Atau dengan lafadz lain:
الكراهة تندفع مع وجود الحاجة
“Hukum makruh menjadi hilang, jika ada kebutuhan.”
Yakni : Makruh Menjadi MUBAH alias Diperbolehkan Jika Ada Hajat (Kebutuhan)
Jadi Makruhnya menutup mulut dalam shalat ini tidak lagi berlaku jika terdapat hajat yang menuntut perbuatan itu dilakukan, semisal seorang yang bersin ketika shalat maka dia dituntut untuk menutup mulut.
Dari Abu Sa’id Al Khudri radhiallahu’anhu, Nabi shallallahu ’alaihi wa sallam bersabda,
إِذَا تَثَاوَبَ أَحَدُكُمْ فَلْيُمْسِكْ بِيَدِهِ عَلَى فِيهِ ، فَإِنَّ الشَّيْطَانَ يَدْخُلُ
“Jika kalian menguap, maka tutuplah mulut dengan tangan karena setan akan masuk.”
Dalam redaksi lain tercantum,
إِذَا تَثَاوَبَ أَحَدُكُمْ فِي الصَّلَاةِ فَلْيَكْظِمْ مَا اسْتَطَاعَ
“Jika kalian menguap dalam shalat, maka tahanlah sebisa mungkin.” [HR. Muslim]
Dengan demikian, dalam kondisi ada hajat yang menuntut, maka menutup mulut dalam shalat diperbolehkan, bahkan diperintahkan seperti terlihat dalam redaksi hadits di atas.
An-Nawawi rahimahullah mengatakan,
ويكره أن يصلي الرجل متلثما أي مغطيا فاه بيده أو غيرها ويكره أن يضع يده على فمه في الصلاة إلا إذا تثاءب فإن السنة وضع اليد على فيه ففي صحيح مسلم عن أبي سعيد إن النبي صلى الله عليه وسلم … والمرأة والخنثى كالرجل في هذا وهذه كراهة تنزيه لا تمنع صحة الصلاة
“Menutup mulut dan hidung (at-talatstsum) atau menutup mulut saja dengan tangan atau yang lain ketika shalat, dimakruhkan.
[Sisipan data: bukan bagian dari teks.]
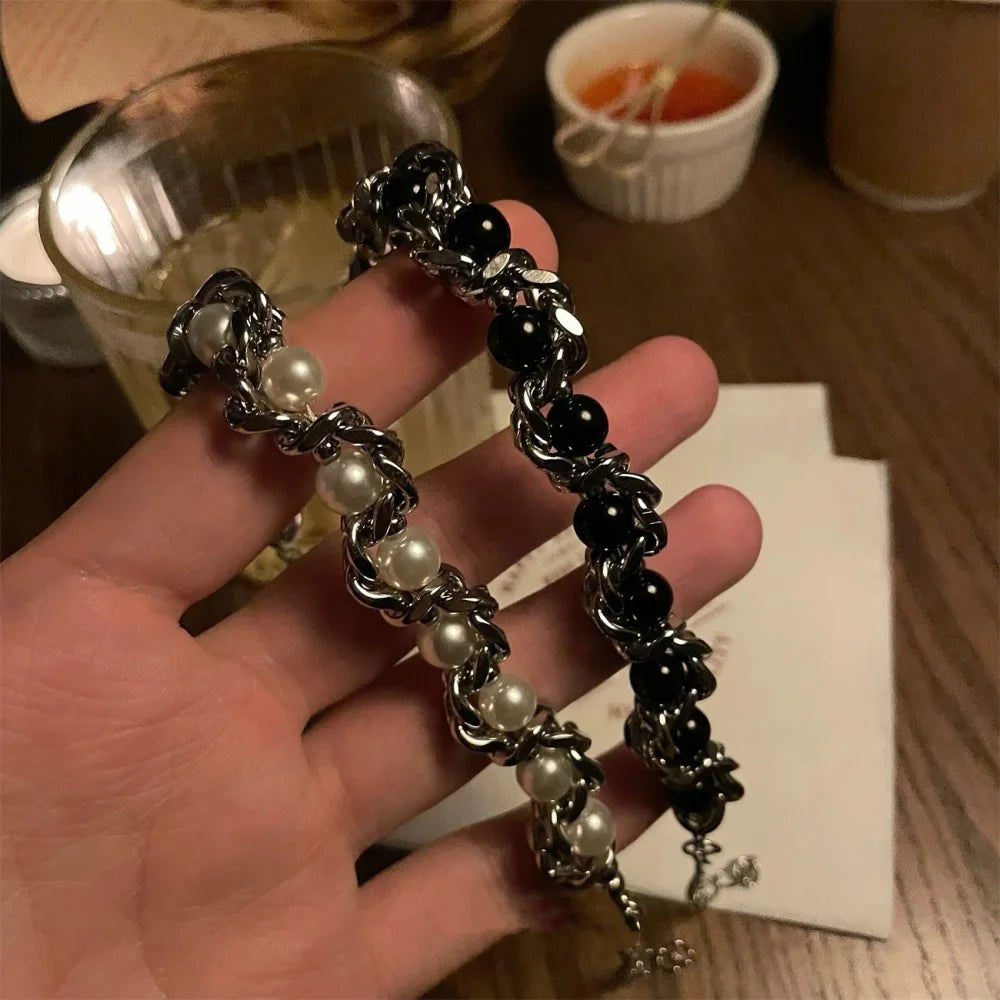 Pulsera Y2K de Acero con Cuentas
Dimakruhkan juga, menutup mulut dengan tangan. Kecuali apabila seseorang bersin dalam shalat, maka diperbolehkan menutup mulut karena dalam kondisi ini yang sesuai sunnah adalah menggunakan tangan untuk menutup mulut sebagaimana pengajaran yang terdapat dalam hadits di Shahih Muslim (hadits Abu Sa’id al-Khudri di atas) …
Wanita dan banci memiliki ketentuan yang sama dalam hal ini. Perbuatan ini hukumnya makruh tanziih, sehingga tidak menghalangi keabsahan shalat.” [Al-Majmu’ 3: 179]
Asy-Syaikh Ibnu Utsaimin rahimahullah mengatakan,
يكره اللثام على فمه وأنفه بأن يضع «الغترة» أو «العمامة»، أو «الشماغ» على فمه، وكذلك على أنفه؛ لأن النبي صلى الله عليه وسلم نهى أن يغطي الرجل فاه في الصلاة، ولأنه قد يؤدي إلى الغم وإلى عدم بيان الحروف عند القراءة والذكر. ويستثنى منه ما إذا تثاءب وغطى فمه ليكظم التثاؤب فهذا لا بأس به، أما بدون سبب فإنه يكره، فإن كان حوله رائحة كريهة تؤذيه في الصلاة، واحتاج إلى اللثام فهذا جائز؛ لأنه للحاجة، وكذلك لو كان به زكام، وصار معه حساسية إذا لم يتلثم، فهذه أيضاً حاجة تبيح أن يتلثم
“Dimakruhkan melakukan al-litsaam pada mulut dan hidung, yaitu menutup mulut dan hidung menggunakan Sorban ( ghutrah, imaamah, atau syimaagh ) . Nabi shallallahu ‘alaihi wa sallam telah melarang seseorang menutup mulut ketika melaksanakan shalat. Hal itu juga terkadang mengganggu dan mengaburkan lafadz ketika membaca ayat al-Quran dan dzikir shalat.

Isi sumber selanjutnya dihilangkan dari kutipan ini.